Since the change of government in September Holden has chosen to be silent, most likely because there is nothing good to say. Holden claims it still has a team of people working on the two proposed cars for 2016 to 2022, and another team in “constant dialogue” with the Federal Government.

But you only need to read how dispassionate and matter-of-fact Holden’s submission to the Productivity Commission is to realise General Motors is starting to lose the will and the patience to keep fighting. Especially when it is apparent the Federal Government is unlikely to be persuaded to not cut $500 million from industry assistance, let alone increase taxpayer funding.

In some regards the “decision” has already been made for Holden. Look no further than today’s comments from Prime Minister Tony Abbott. “There's not going to be any extra money over and above the generous support the taxpayers have been giving the motor industry for a long time. We think there's more than enough money on the table. It’s available to the motor industry. But there is no more.”

Holden has made it clear it needs more than the $275 million it was pledged in March 2012. The Government has made it clear that’s not going to happen. So there’s your answer, then. When a formal “decision” comes from Holden is almost a moot point.

So rather than address the Productivity Commission next Tuesday, Holden boss Mike Devereux should address the factory workers, and then the nation, before the company wears out the patience of its employees and the car-buying public.

It has been such a bloody and brutal battle -- played out in public -- because Holden wants to make its factory closure the Government’s fault. The Government wants to make it Holden’s fault. Caught in the middle of this political tug-of-war are the 1760 Holden production line workers who don’t deserve this emotional roller coaster.

The reality is both Holden and successive Federal Governments are to blame for this predicament. A strong Australian dollar, high wages and low import tariffs -- shaped by decisions made by Governments from both sides of politics -- have created impossible operating conditions for Holden.

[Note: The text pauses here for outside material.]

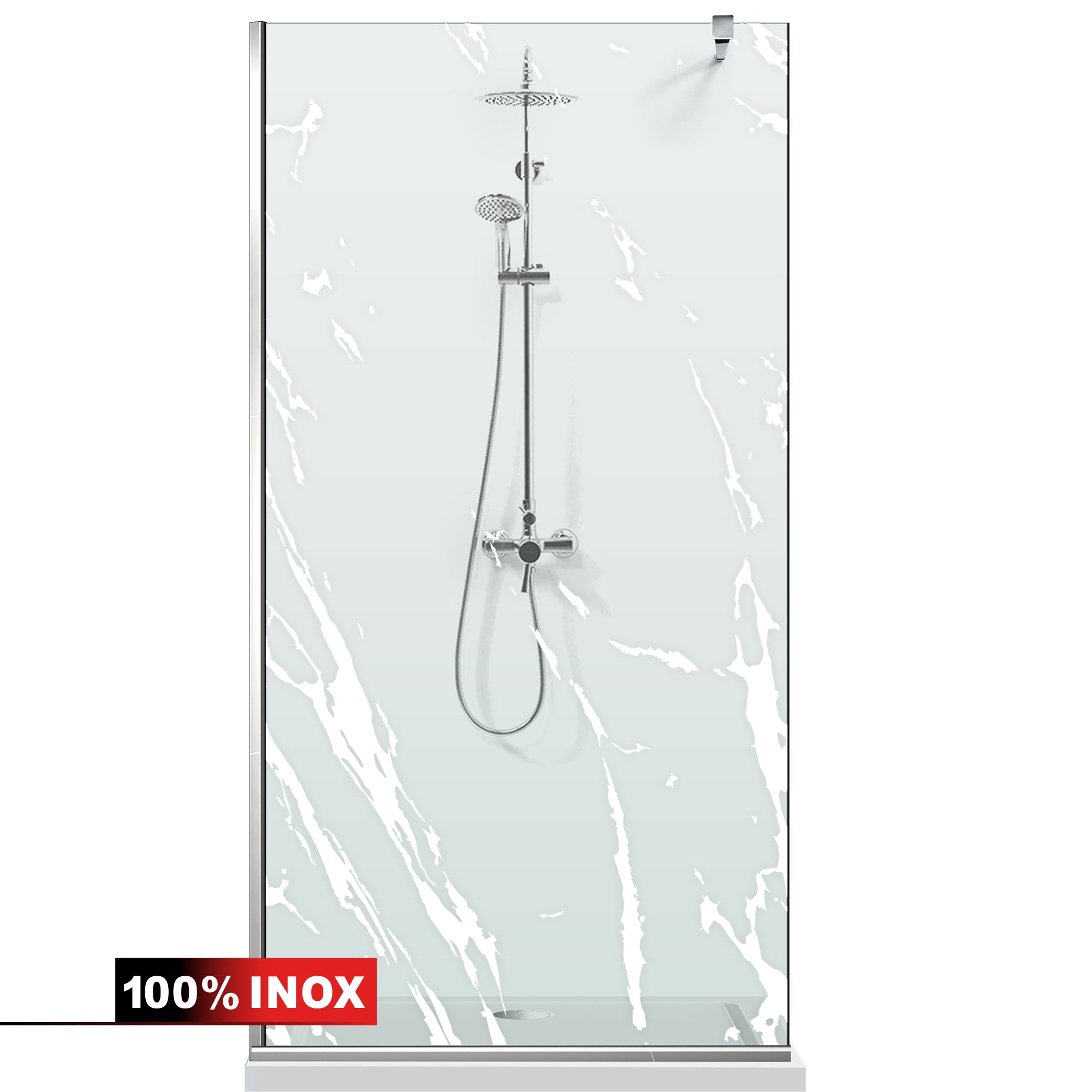 Paravan dus Walk-in, Perete dus Inox, #Clara #Víztiszta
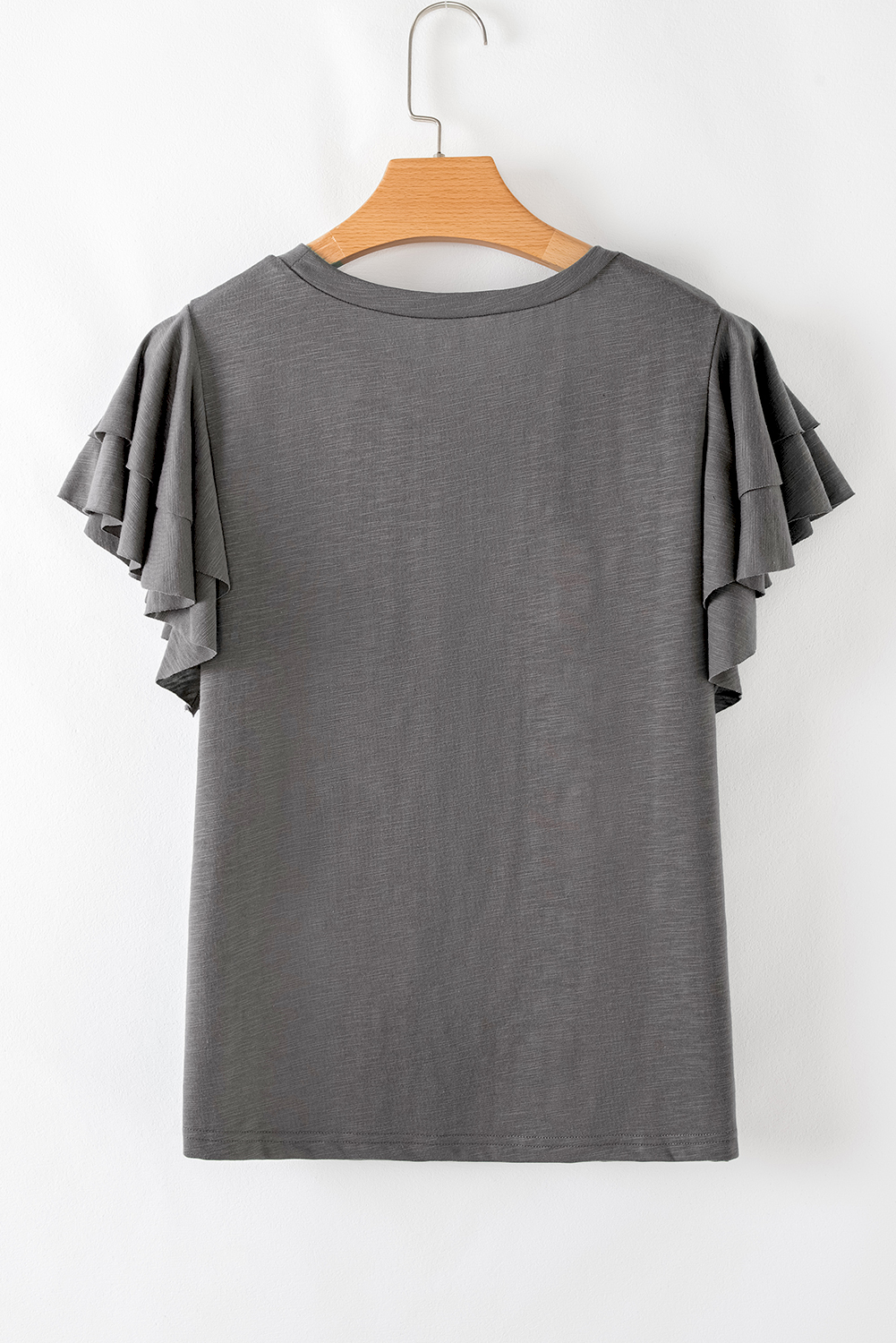 Dark Grey Sequin Turquoise Pattern Ruffle Sleeve Cowgirl Tee - loveforevers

Belted by cheaper yet better equipped and more fuel efficient imported cars, Holden sales are now at a 20-year low; Commodore sales at a 35-year low. Holden has been accused of being slow to react to the changing buyer tastes in cars. But in fact it reacted more quickly than most, by doing a deal with the then Federal Labor Government in 2008 to assemble the Cruze small car at Elizabeth alongside the Commodore.

The Cruze was up and running in less than two years when it could have taken up to five. But even that isn’t enough to combat the economic headwind. Holden’s main downfall -- apart from having a factory surrounded by Asian countries where labour rates are one-quarter of Australia’s -- is that its operations should’ve become leaner and more efficient long ago. But despite the incredible sacrifice of its workers, it’s all too little too late unfortunately.